Introduction to Collections Module

The collections module provides specialized container datatypes that are alternatives to Python's general-purpose built-in containers (dict, list, set, tuple).

Why Collections?

  • Performance: Optimized for specific use cases
  • Functionality: Provide additional features
  • Convenience: Simplify common operations
  • Memory efficiency: More efficient for specific patterns

Collections Overview

  • namedtuple: Tuple with named fields
  • deque: Double-ended queue
  • Counter: Count hashable objects
  • defaultdict: Dictionary with default factory
  • OrderedDict: Dictionary that remembers insertion order

namedtuple

namedtuple creates tuple subclasses with named fields, making code more readable and self-documenting.

Creating namedtuple

from collections import namedtuple

# Define namedtuple type
Point = namedtuple('Point', ['x', 'y'])

# Create instances
p1 = Point(3, 4)
p2 = Point(x=5, y=6)

print(p1.x, p1.y)  # 3 4
print(p2.x, p2.y)  # 5 6

Accessing Fields

from collections import namedtuple

Person = namedtuple('Person', ['name', 'age', 'city'])
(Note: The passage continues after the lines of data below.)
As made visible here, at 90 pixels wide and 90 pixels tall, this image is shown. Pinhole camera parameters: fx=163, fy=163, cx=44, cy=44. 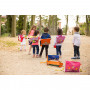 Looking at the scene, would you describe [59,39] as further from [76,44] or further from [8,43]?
[8,43]

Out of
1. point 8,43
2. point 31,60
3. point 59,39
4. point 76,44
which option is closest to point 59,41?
point 59,39

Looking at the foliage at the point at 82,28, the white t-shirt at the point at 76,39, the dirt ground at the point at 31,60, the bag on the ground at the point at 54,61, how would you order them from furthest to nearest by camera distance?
the white t-shirt at the point at 76,39, the foliage at the point at 82,28, the bag on the ground at the point at 54,61, the dirt ground at the point at 31,60

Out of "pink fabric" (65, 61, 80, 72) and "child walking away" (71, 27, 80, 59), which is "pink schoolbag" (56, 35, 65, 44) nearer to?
"child walking away" (71, 27, 80, 59)

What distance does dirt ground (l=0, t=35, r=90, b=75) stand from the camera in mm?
3861

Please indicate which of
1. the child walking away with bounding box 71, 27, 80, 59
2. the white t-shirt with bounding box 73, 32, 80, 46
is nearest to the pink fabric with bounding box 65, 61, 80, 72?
the child walking away with bounding box 71, 27, 80, 59

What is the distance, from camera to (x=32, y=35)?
541cm

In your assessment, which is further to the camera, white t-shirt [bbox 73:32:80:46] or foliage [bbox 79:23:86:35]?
white t-shirt [bbox 73:32:80:46]

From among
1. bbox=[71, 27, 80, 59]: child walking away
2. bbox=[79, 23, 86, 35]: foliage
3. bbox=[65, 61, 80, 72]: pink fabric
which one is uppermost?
bbox=[79, 23, 86, 35]: foliage

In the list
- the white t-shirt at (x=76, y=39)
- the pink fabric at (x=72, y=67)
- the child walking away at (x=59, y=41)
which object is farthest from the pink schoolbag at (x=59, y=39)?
the pink fabric at (x=72, y=67)

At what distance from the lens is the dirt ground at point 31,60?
12.7 feet

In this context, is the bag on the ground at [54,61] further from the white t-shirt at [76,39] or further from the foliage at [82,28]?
the foliage at [82,28]

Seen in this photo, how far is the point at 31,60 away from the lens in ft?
16.2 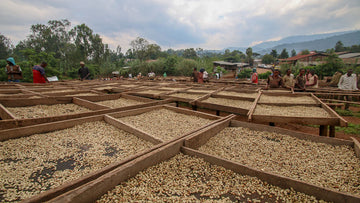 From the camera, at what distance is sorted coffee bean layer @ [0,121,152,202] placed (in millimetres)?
1413

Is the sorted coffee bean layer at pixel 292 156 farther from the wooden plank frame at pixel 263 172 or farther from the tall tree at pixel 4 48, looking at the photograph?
the tall tree at pixel 4 48

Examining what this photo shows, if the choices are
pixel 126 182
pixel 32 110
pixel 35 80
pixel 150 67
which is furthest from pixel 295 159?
pixel 150 67

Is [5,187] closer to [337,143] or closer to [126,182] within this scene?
[126,182]

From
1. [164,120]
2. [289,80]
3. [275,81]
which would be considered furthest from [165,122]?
[289,80]

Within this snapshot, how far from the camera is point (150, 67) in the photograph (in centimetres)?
2934

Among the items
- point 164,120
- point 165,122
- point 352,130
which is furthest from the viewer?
point 352,130

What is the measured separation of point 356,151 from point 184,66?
26.7 metres

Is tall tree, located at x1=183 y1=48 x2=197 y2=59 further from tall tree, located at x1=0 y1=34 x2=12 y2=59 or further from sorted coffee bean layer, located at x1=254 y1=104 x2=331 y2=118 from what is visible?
sorted coffee bean layer, located at x1=254 y1=104 x2=331 y2=118

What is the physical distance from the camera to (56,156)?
1.83 metres

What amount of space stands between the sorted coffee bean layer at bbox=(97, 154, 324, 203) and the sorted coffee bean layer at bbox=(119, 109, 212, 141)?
76cm

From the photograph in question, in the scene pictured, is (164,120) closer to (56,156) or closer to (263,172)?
(56,156)

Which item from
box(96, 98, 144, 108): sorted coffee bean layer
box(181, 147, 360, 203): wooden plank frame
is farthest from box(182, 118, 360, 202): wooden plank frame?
box(96, 98, 144, 108): sorted coffee bean layer

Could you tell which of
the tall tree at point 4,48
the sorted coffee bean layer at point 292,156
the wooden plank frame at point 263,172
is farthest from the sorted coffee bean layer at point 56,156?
the tall tree at point 4,48

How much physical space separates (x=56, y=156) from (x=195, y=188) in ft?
4.82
person = Person('Alice', 30, 'New York')

# Access by name
print(person.name)   # Alice
print(person.age)    # 30
print(person.city)   # New York

# Access by index (still works)
print(person[0])     # Alice
print(person[1])     # 30
print(person[2])     # New York

namedtuple Methods

from collections import namedtuple

Point = namedtuple('Point', ['x', 'y'])
p = Point(3, 4)

# Convert to dictionary
print(p._asdict())  # OrderedDict([('x', 3), ('y', 4)])

# Replace fields (creates new instance)
p2 = p._replace(x=10)
print(p2)  # Point(x=10, y=4)

# Get field names
print(p._fields)  # ('x', 'y')

Practical Example: Coordinates

from collections import namedtuple

# Define coordinate
Coordinate = namedtuple('Coordinate', ['latitude', 'longitude'])

# Create coordinates
nyc = Coordinate(40.7128, -74.0060)
london = Coordinate(51.5074, -0.1278)

print(f"NYC: {nyc.latitude}, {nyc.longitude}")
print(f"London: {london.latitude}, {london.longitude}")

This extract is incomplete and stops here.